Scientist Jerry Bergman, Ph.D. says it this way:
"A city, if it were deserted, would eventually disintegrate. The metal in the city would rust, the mortar in the buildings would crack, the wood would rot, etc. In time, less and less differentiation would exist until, if the area were a closed system (no new energy was brought in to rebuild the city), all of the molecules would be evenly distributed within a given area. Diffusion, the tendency for molecules to distribute themselves throughout an area, would occur."
A similar process occurs within the human body when attention is not given to it through exercise, truly good eating (most people have skewed ideas about what that means) and respectful, loving self-care. Without proper treatment and use, the body slowly and in some cases not so slowly, breaks down. When the body’s molecules lose their concentration in their respective areas, they diffuse and aging occurs. An obvious example is facial wrinkles and sagging.
Couch potatoes who lounge on their sofas for many hours a day help breed lethargy and a lack of motivation to do much else; the neglect of physical exercise then brings on an increased risk of heart disease, diabetes and arthritis, a decline in bone density and a higher probability of osteoporosis, poor posture, back pain, a low metabolic rate leading to weight gain and fluctuating sleeping patterns. The edifice known as the physical body begins to fall into deterioration as the will of the body’s very cells to live and thrive is rejected.
Schrödinger uses the term negentropy to identify the remarkable ability of a living system to not only avoid the effects of entropy (death and decay) but to do the opposite–to increase organization. Living organisms feed on negentropy. This is nature’s innate drive to perfect itself.
“Throughout its life cycle, every one of the body’s trillions of cells is driven to grow and improve its ability to use more of its innate yet untapped capacity,” writes leadership author Robert K. Cooper, Ph.D.

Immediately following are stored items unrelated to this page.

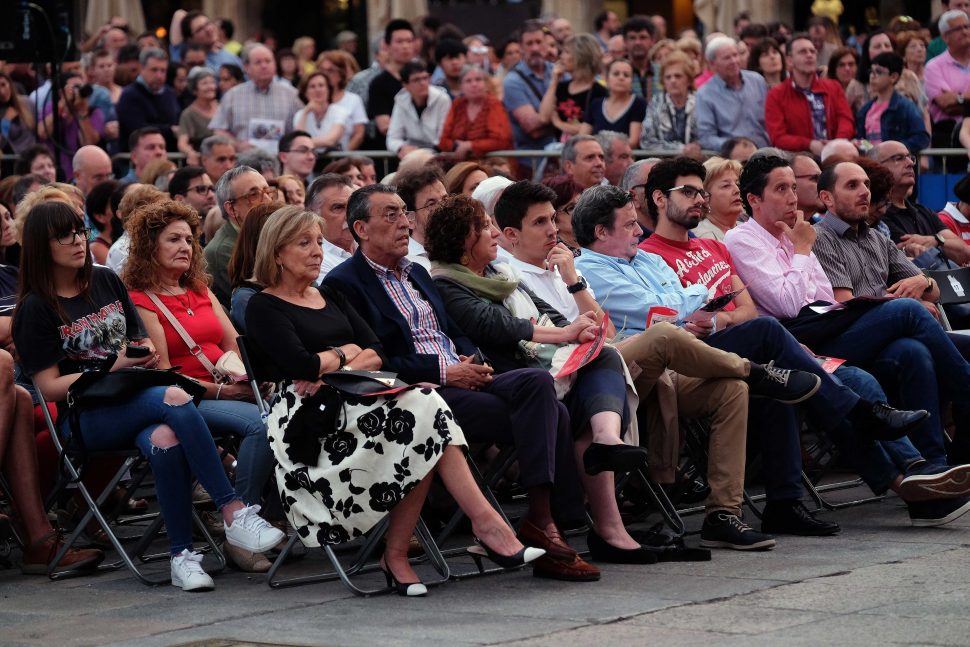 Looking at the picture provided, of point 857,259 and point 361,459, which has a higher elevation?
point 857,259

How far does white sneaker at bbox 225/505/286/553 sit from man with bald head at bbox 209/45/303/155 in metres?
8.44

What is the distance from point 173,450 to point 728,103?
8276 mm

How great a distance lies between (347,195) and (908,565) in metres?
3.79

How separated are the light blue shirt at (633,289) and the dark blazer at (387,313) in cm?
108

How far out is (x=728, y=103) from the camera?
14406 millimetres

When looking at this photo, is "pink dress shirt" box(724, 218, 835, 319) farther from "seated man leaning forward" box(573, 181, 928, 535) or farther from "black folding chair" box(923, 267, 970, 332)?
"black folding chair" box(923, 267, 970, 332)

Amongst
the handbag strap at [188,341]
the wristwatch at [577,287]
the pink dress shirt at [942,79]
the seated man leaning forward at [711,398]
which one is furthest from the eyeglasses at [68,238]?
the pink dress shirt at [942,79]

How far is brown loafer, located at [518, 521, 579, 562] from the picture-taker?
23.2ft

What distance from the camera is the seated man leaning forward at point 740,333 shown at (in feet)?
26.5

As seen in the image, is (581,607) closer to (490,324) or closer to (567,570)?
(567,570)

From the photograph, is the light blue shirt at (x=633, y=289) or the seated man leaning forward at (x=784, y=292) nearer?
the seated man leaning forward at (x=784, y=292)

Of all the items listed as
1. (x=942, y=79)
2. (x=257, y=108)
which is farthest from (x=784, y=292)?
(x=257, y=108)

While the discoveries of scientists surrounding negentropy are actually quite mathematical and complicated, in a nutshell and in layman’s terms we can say very simply that depending on where, how much and the kind of energy we surround a thing with, we receive back a mirror image as the fruit of our focused energy.
This is why raw vegan zealot Markus Rothkranz is right when he says, “Eat life to get life!;” why the adage is true, “Use it or lose it;” why the more esoteric Universal Law proves out that like attracts like and why Catherine Ponder’s message, “What you radiate outward in your thoughts, feelings, mental pictures and words, you attract into your life,” rings true.
Brook, Sapoty. Eco-Eating: A Guide to Balanced Eating for Health and Vitality. Melbourne, Australia: Lothian, 1997. Print.
Bergman, Jerry, PhD. “Albert Szent-Gyorgyi’s Theory of Syntropy and Creationism.” http://www.icr.org. N.p., 7 Oct. 2015. Web. <http://www.icr.org/article/albert-szent-gyorgyis-theory-syntropy-creationism/>.
Cooper, Robert K. The Other 90%: How to Unlock Your Vast Untapped Potential for Leadership and Life. New York: Crown Business, 2001. Print.